We only know about many of these examples because of a project I set up with some friends—the Transparent Referendum Initiative (TRI)—which is crowdsourcing a public database of digital ads. By the day before the vote, we had captured 1,300 referendum related ads on Facebook alone.
Journalists have turned this data into stories, enabling debate and increasing scrutiny. Yet the information is partial. Just 600 people are helping us crowdsource ads, and for non-Facebook ads we have to rely on screenshots. We have no way of knowing how much is spent, by whom, or who is being targeted and why. Only the companies selling the advertising space know this information.
As stories based on our data intensified, Facebook took the unprecedented decision on May 8 to block overseas groups from buying political ads. The next day Google announced they would not allow any referendum related ads at all on their platforms.

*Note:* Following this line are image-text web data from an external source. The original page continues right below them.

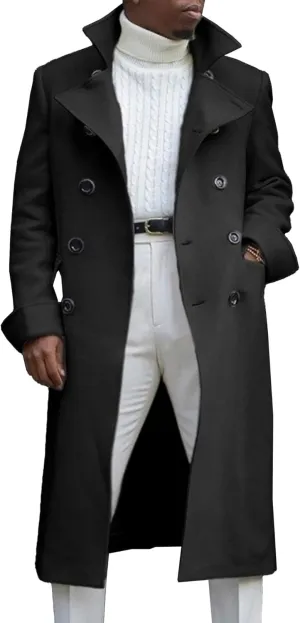 Maiyifu-GJ Men's Notched Collar Thermal Trench Coat Double Breasted Wool Blend Coats Casual Winter Warm Long Pea Jacket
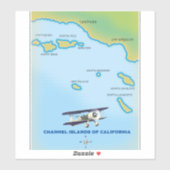 カリフォルニア州チャンネル諸島の地図 シール (シート)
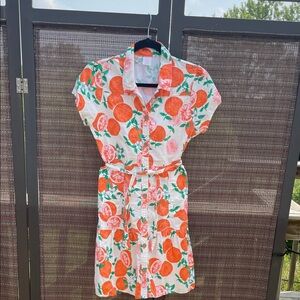 100% cotton darling orange patterned short sleeve button down dress with belt S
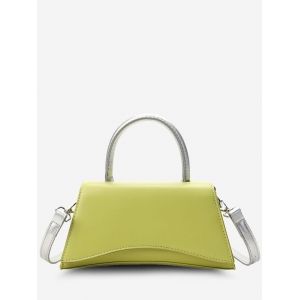 

Color Contrasting Top Handle Crossbody Bag, Chartreuse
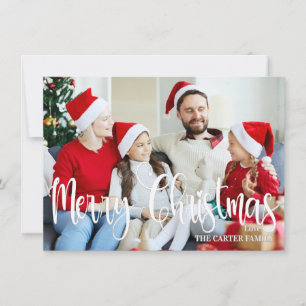 Elegant Merry Christmas Personalized Family Photo Holiday Card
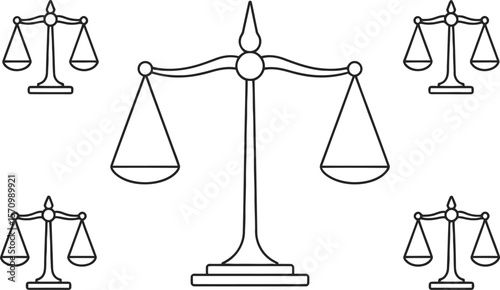Scales of Justice:  Simple Line Art Icons, Legal Concept, Balance, Equality.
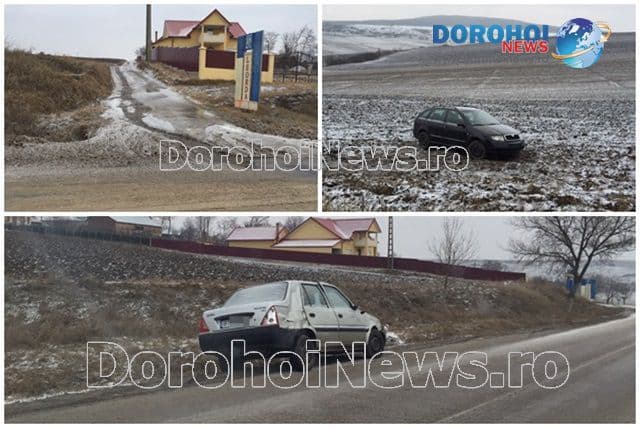 Mașini avariate! Capcană pentru șoferi la intrarea în Cervicești dinspre municipiul Dorohoi - FOTO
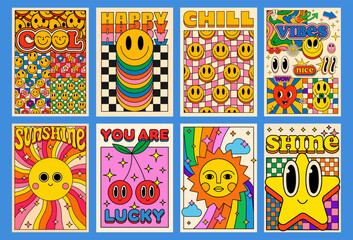 Collection Of Cool 70s Groovy Posters. Set Of Retro Vintage Psychedelic Funky Placards. Y2k Comic Funny Smile Characters.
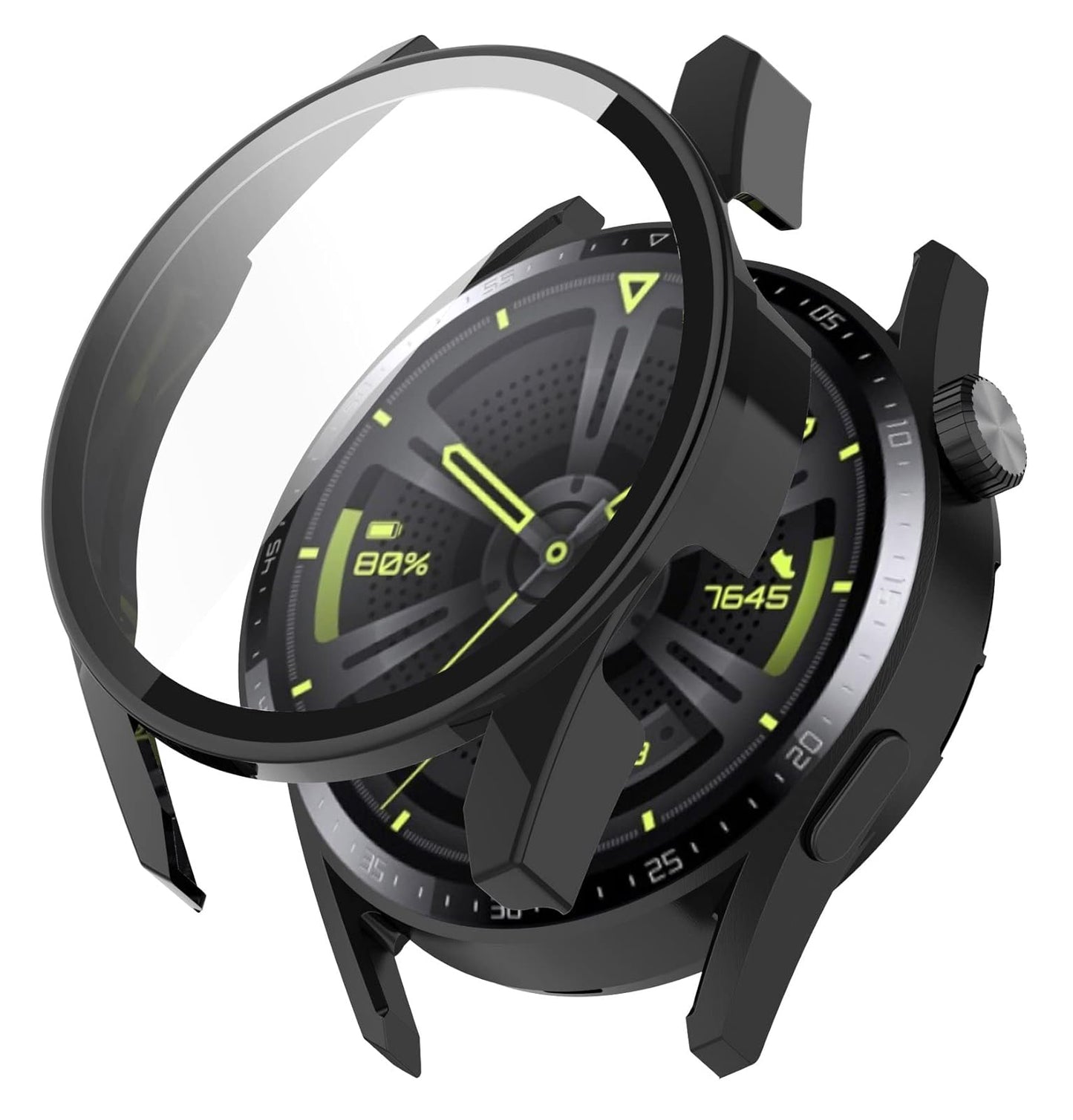 Techsuit Defense360 Pro -kuori Huawei Watch GT 3 46mm:lle, Musta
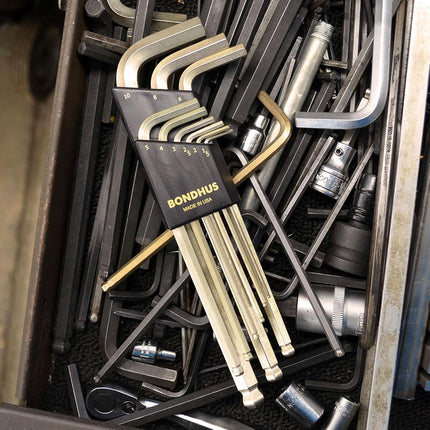Bondhus 38099 GoldGuard Ballpoint L-Wrench, Gold, WS: 1.5, 2, 2.5, 3, 4, 5, 6, 8 und 10mm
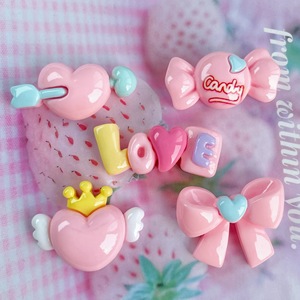Accesorios de Resina con Forma de Corazón Rosa y Lazo de Flecha, Horquillas para el Cabello, Decoraciones Lindas - Product Image 2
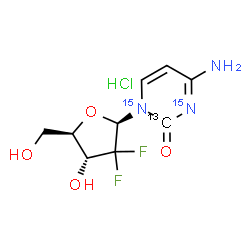 ChemSpider 2D Image | Gemcitabine-13C,15N2 (hydrochloride) | C813CH12ClF2N15N2O4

Has this self-regulation worked? Well, it doesn’t appear to have had a strong impact on the overall level of online ads. Ads on Facebook have increased exponentially. While YouTube ads stopped, large numbers of digital ads across the web continued, as spending shifted to platforms run by other companies.
In fact, when we told the Guardian newspaper that political ads were appearing on their site, investigated, they found that Google infrastructure was being used to serve political ads against their knowledge. They noted that with decisions being made by algorithms, “news websites are finding it hard to stop them appearing on their sites—a fact that has been exploited by campaigners.”
After Facebook and Google took these unanticipated steps as private companies just a couple weeks before the vote, some campaigners reacted strongly—claiming that these companies are themselves interfering in our democratic process by not allowing the adverts to appear.
Very little information was given about these decisions. Campaigners, as well as the Transparent Referendum Initiative, called on Facebook and Google to detail exactly what they saw in their records that prompted them to act to protect what they called “election integrity.” So far, they have made no public statements.
One positive result, however, is that this crisis has prompted commitments from the Irish government to reform traditional rules around campaigning. This will hopefully mean that the restrictions that exist for traditional campaigning will be extended to cover digital ads.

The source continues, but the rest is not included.